We all know form is a cyclical thing, but I would love to see Derbyshire, ahead of the T20 competition, make a move for one of Scotland's heroes from yesterday. The absence of Luis Reece is an all-round blow, but either Kyle Coetzer or man of the moment Calum MacLeod could replicate his dynamism at the top of the order. As news broke of the latter's innings against England yesterday, Durham supporters were telling me that they really liked him and felt he was released too soon 'for financial reasons' by Durham. He certainly hits a clean cricket ball and I think it would be to mutual benefit for any of the Scottish top five to get a county deal.

My understanding is that such a move would cost only travel and accommodation, as they are all contracted by Cricket Scotland, so there would be much to like in such an arrangement.

We will see later if Derbyshire can finish an excellent effort against Durham.
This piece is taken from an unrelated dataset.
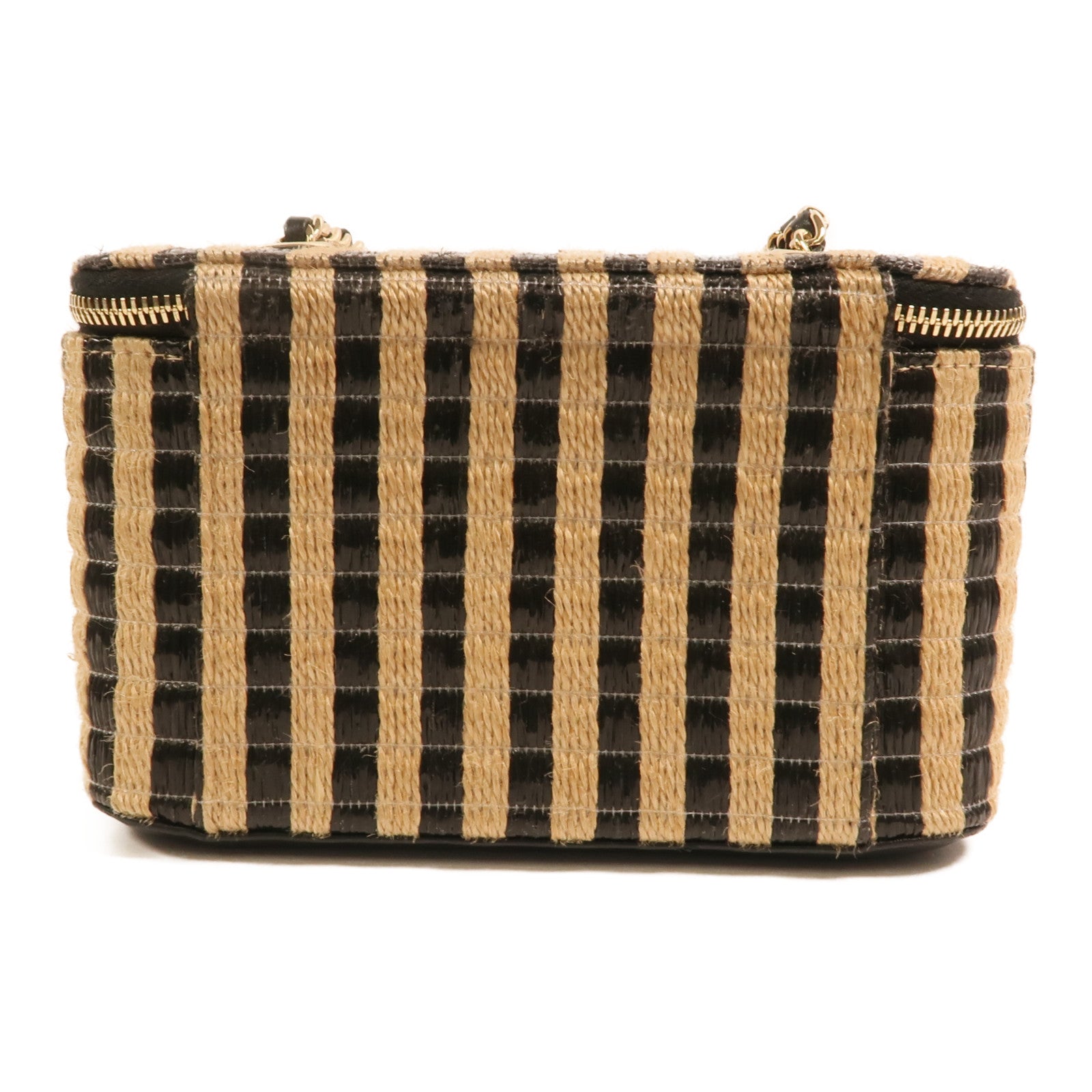 CHANEL Raffia Vanity Case金扣鏈帶肩背袋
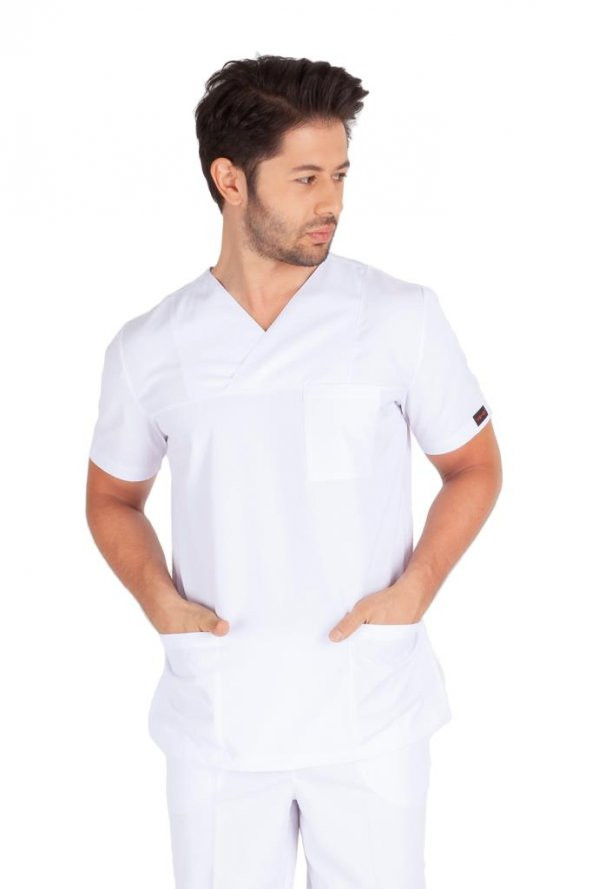 Erkek Doktor Hemşire Forması Scrubs Alpaka Kumaş Hastane Nöbet Tek Üst (Zarf Yaka Klasik Kol) - 10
It has been a good team effort in which the pace men have excelled and had good support from Tony Palladino and Alfie Gleadall. Someone yesterday suggested Alfie might be 'too small' to be a quick bowler, which caused me to rhyme off a number of names, including Trueman, Larwood, Marshall and Steyn, of players who were not especially tall but were brilliant bowlers.

Gleadall looks a talent and it is telling that he seems to have leapfrogged Will Davis. I hope the latter rediscovers his mojo, because he is a fine talent, but at present this looks like being a lost summer for him.

Finally, for now, thank you to all those whose company I enjoyed at Durham. There were plenty of smiling faces around at a club that has had some rough treatment from the ECB and has lost a lot of very good cricketers in recent seasons. A chronic injury situation hasn't helped either, but they are proud of their own and have some good cricketers still.

Hopefully their problems will ease. Equally hopefully, Derbyshire will wrap up a win here by mid-afternoon at the latest.

1 comment:

  1. I think the rain yesterday might have played in our favour, as it meant that Durham didn't get the opportunity to add runs against a tiring attack and reach a score that might pose a challenge. As it is, we have the opportunity to wrap this up with fresh bowlers by lunchtime or early afternoon, though an early wicket is being balanced by the regular flow of byes and leg byes off Viljoen.

    I was there for the first day, and I'm pretty certain that any side in the division would have been bowled out quickly with Olivier and Viljoen in this form, but I think positivity has to be balanced by the fact that this Durham side might be the weakest that has been put out by anyone in the County Championship for years and Derbyshire heads should be hung in shame if we can't beat them comfortably.

    Of course, as the saying goes, you can only beat what's in front of you, but it's a little worrying that we're even slightly on edge about whether we can bowl them out cheaply enough and chase a modest target. That we are is another reflection on the desperately fragile batting that was laid bare again on Saturday. Only Godleman and Madsen can genuinely say they were dismissed by good balls, Critchley was loose and Hughes looks so utterly bereft of form and confidence that it's almost cruel to let him carry on at four. The shots that Slater, Brodrick and Smit got out to were genuinely shocking in their scrambled thinking and poor execution. It's all very well talking about the difficulty of the pitch and the risk of a ball with your number on it coming along, but to gift your wicket as so many did after playing 15 or 20 dot balls is unacceptable.

    All credit to Palladino and Gleadall for their calm, commonsense approach and getting us a decent lead. Perhaps Palladino might have batting coach added to his many responsibilities, as he was also instrumental in helping to save the last game against Durham as well. One oddity that has occurred to me is that we've had two successive innings over 200 against Durham without anyone scoring a half-century.

    We'll take the win that should not be long in coming, but let's not fool ourselves that most of the other teams in the division will not punish us if we carry on batting like this.